たとえば「言う」という動詞を、「おっしゃる」「申し上げる」と言い換えることで、相手との関係性に応じた敬意を表すことができます。
これに対して英語では、「敬語」として体系化された文法や単語の置き換えは存在しません。
「say」を「respectfully say」などと置き換えるような直接的な表現も基本的にはありません。
英語には「丁寧な言い回し」がある
とはいえ、英語に丁寧な言い方そのものがないわけではありません。
たとえば:
- “Can you help me?” よりも → “Could you help me?”
- “Do you have time?” よりも → “Would you happen to have a moment?”
- “Give me a minute.” よりも → “Could you give me just a minute, please?”
このように、助動詞を過去形にする・クッション言葉を加える・丁寧な構文を使うことで、相手に対する配慮や遠回しな表現ができます。
最も丁寧な依頼の一例としてよく紹介されるのが
Would you mind if I asked ~?
(〜とお願いしてもご迷惑でなければ…)
という構文です。
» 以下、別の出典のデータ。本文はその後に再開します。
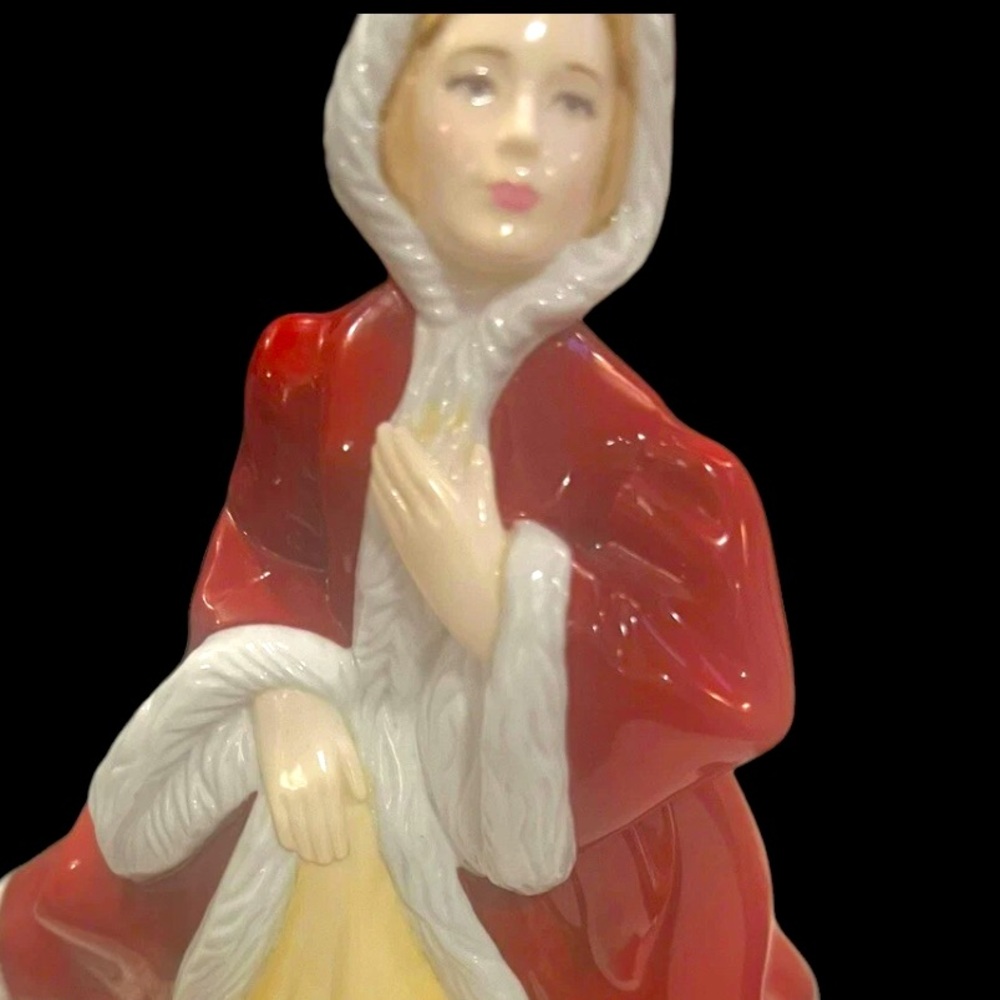 ROYAL DOULTON BONE CHINA PRETTY LADIES “RACHEL”FIGURINE- DESIGNED IN ENGLAND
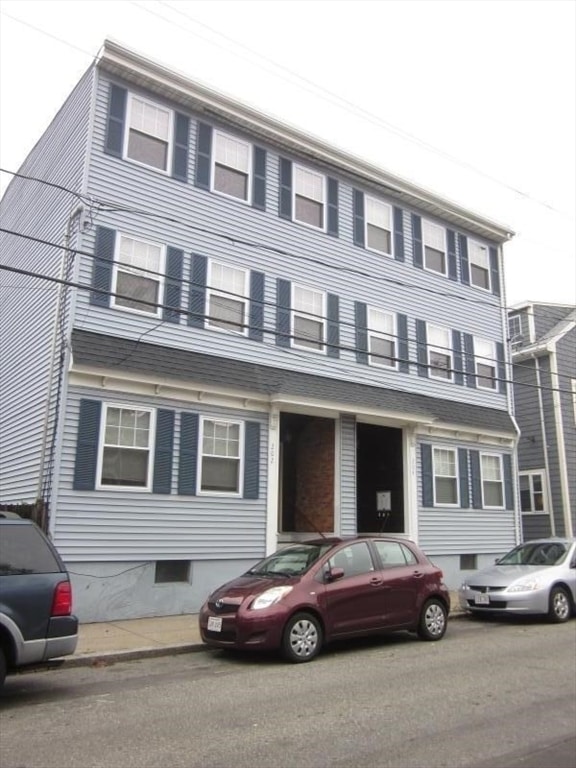 Building Photo - 202 W 9th St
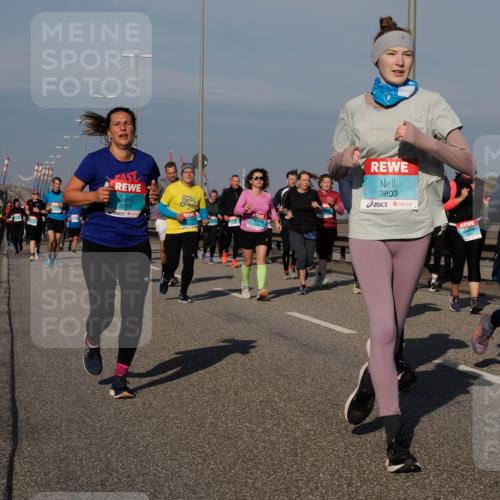 03.10.2025 - Köhlbrandbrückenlauf Fabian Wolf http://msf.ph/oto/9059498 03.10.2025 10:04:51 Position 3 3810, 3803, 2078 meine-sportfotos.de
直接的な表現を避けることで、相手に「選択の余地」を与える言い回しになっています。
英語の丁寧さはこのように、言葉の選び方や構文の工夫によって表現されるのです。
敬語ではなく“距離感の調整”としての表現
英語の丁寧表現は、日本語のように“上下関係”や“身分差”を前提としたものではなく、相手との距離感を調整するためのツールとして使われます。
- 友人にはストレートに「Can you~?」
- 上司や初対面の人には「Could you~?」や「Would you mind~?」
といった使い分けが一般的です。
このため、日本語の敬語に比べて形式的なルールは少ない分、文化的・心理的な判断が必要になる場面も多くあります。
ビジネスや旅行でも意識しておきたい
海外出張や英語でのメール、旅行中のやりとりなどでは、こうした丁寧な英語表現が役立ちます。
シンプルな単語で伝えるのももちろんOKですが、丁寧な表現を使うことでより円滑なコミュニケーションや好印象につながる場面もあるでしょう。
- Could you possibly〜?
- Would it be alright if〜?
- I was wondering if〜
など、いくつかのフレーズを覚えておくと安心です。
敬語はないけれど、気づかいの表現はある
英語に日本語のような文法的な「敬語」はありません。
しかし、助動詞や婉曲表現、語尾に “please” を添えるなど、丁寧さや配慮を伝える工夫は豊富に存在しています。
形式よりも「相手を思いやる気持ち」が表現の中核になるのが、英語らしい特徴とも言えるでしょう。